Medicare is lately increasing its use of the national coverage process and is becoming more tightfisted. Since 2008, according to my review of Medicare data, it conditioned access in 29% of its reviews and denied new or expanded coverage in fully 53% of cases.

Medicare's methods can also be arbitrary. Take the travails of the pharmaceutical company Sepracor and its drug Xopenex, an innovative respiratory medicine that competes with the chemically distinct and much cheaper generic albuterol. Both are inhaled aerosols used to treat asthma and chronic obstructive pulmonary disease. Xopenex has the same benefits as albuterol, but some believe fewer of its cardiac side effects. Medicare didn't agree.

The agency tried to make a "national coverage decision" on Xopenex but couldn't come up with a clinical justification to limit the drug's usage. So Medicare manipulated its payment process, saying it would pay Xopenex a price equivalent to the "least costly alternative" form of generic albuterol, 10 cents a treatment compared to about $2.50 for Xopenex. Then Medicare was sued by a patient, and a Federal court recently ruled the agency exceeded its authority.

Medicare finally succeeded in reigning in the use of Xopenex with its coding system. By issuing Xopenex the same classification as generic albuterol, it was able to pay both products the same "blended" price—an average of the cost of each individual drug. That lowered the price on Xopenex, but ironically increased what Medicare paid for the generics.

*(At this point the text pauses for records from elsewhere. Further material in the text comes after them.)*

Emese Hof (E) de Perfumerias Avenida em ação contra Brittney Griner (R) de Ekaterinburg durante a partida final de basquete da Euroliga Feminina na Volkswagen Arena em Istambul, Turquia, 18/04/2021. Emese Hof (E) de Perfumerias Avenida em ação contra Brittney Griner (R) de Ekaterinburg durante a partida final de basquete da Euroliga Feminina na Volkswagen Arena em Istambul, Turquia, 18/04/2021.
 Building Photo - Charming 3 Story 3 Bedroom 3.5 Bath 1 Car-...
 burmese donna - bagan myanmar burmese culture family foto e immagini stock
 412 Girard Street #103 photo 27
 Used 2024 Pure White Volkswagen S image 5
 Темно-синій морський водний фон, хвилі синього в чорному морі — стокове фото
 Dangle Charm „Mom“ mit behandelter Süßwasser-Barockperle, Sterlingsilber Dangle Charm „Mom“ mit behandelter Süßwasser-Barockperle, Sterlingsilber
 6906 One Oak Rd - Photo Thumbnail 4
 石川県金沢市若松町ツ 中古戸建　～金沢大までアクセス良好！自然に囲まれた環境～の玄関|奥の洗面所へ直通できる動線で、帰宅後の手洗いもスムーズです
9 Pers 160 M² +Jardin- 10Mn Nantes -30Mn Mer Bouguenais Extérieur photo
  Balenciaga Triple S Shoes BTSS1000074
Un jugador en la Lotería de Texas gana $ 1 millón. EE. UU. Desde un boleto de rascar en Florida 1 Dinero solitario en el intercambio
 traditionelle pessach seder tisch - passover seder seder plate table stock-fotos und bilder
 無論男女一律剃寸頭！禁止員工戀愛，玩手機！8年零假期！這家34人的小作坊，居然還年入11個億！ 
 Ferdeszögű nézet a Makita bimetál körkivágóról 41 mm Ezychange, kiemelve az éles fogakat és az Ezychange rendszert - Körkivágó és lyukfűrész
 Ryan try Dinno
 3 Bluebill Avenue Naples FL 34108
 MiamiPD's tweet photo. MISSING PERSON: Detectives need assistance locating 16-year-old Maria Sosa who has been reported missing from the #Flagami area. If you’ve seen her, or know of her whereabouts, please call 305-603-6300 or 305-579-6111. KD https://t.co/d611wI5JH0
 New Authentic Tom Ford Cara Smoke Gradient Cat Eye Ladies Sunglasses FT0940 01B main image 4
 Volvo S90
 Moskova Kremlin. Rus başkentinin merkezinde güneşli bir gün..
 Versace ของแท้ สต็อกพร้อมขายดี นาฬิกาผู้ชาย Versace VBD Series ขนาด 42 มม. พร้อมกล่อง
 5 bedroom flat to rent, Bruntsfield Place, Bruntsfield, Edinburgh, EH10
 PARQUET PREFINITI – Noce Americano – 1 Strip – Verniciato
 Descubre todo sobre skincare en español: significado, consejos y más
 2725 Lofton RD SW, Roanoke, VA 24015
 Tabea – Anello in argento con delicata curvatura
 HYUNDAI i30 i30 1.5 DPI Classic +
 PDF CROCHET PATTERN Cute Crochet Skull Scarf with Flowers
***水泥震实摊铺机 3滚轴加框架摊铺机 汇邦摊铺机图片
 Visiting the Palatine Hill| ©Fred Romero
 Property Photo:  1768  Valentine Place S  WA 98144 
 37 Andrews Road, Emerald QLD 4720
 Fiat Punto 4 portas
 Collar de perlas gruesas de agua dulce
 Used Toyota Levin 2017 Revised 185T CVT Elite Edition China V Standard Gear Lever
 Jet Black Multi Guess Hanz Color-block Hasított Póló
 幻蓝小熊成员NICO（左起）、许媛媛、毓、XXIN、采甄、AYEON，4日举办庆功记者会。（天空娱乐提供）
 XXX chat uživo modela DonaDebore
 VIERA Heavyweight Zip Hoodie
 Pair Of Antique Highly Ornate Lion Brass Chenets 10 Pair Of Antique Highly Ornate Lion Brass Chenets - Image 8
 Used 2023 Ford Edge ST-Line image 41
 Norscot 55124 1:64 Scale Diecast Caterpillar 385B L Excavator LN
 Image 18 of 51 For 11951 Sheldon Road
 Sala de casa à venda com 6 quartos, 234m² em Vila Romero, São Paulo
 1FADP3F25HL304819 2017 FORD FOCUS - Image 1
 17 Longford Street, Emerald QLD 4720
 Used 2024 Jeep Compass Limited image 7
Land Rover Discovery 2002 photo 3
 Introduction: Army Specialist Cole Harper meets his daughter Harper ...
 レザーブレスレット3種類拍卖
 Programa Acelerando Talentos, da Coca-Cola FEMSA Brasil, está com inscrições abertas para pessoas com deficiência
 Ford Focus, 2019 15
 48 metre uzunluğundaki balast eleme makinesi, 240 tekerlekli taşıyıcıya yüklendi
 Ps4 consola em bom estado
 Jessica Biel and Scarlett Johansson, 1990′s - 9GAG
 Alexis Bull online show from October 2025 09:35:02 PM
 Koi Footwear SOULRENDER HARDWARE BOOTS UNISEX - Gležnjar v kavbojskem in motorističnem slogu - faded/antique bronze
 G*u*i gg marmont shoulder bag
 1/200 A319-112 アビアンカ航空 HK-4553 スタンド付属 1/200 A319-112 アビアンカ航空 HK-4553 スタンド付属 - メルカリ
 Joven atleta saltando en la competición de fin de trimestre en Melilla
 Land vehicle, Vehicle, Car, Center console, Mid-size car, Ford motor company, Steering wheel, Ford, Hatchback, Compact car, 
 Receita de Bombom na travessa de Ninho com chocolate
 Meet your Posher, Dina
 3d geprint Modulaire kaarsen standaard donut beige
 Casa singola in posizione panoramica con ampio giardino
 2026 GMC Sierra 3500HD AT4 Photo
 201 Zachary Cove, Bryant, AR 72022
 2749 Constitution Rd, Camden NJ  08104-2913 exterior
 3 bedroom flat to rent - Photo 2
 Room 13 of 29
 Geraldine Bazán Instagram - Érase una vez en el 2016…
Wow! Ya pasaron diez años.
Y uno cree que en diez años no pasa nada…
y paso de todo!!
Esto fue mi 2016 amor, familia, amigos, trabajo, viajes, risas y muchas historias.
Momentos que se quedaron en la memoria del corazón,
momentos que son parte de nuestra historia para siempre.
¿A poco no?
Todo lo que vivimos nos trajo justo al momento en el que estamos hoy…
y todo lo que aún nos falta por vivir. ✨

It's not a stretch to say that Medicare spent hundreds of cumulative man-hours focusing on Xopenex while other priorities languished. The question is why? There weren't safety concerns. Xopenex may have been used in lieu of a cheaper alternative, but at peak Medicare sales of about $300 million it represented far less than one one-thousandth of the agency's budget. Simply put, a few staffers inside Medicare were consumed with the drug and its higher price—revealing a process that is capricious and often disconnected from science.

Worse still is how impenetrable these programs have become. Drug and device companies spend millions of dollars trying to influence Medicare decisions. The hundreds of consultants they hire to advise them typically command $20,000-a-month retainers.

Formal patient and provider appeals to Medicare took an average of 21 months, according to a report issued in 2003 by the Government Accountability Office (using 2001 data), with delays in "administrative processing" due to "inefficiencies and incompatibility" of data systems eating up 70% of the time spent processing appeals.

There's nothing inherently wrong with a program like Medicare seeking value for taxpayers. But it shouldn't make up the rules as it goes. When private plans ration care, patients can appeal directly to an insurer's medical staff. Only a small fraction of Medicare's denied claims—about 5%—are ever formally appealed because its process is so impenetrable. People can also switch insurers, and in many cases patients chose a policy because it matched their preferences in the first place. These options don't exist in a government health program.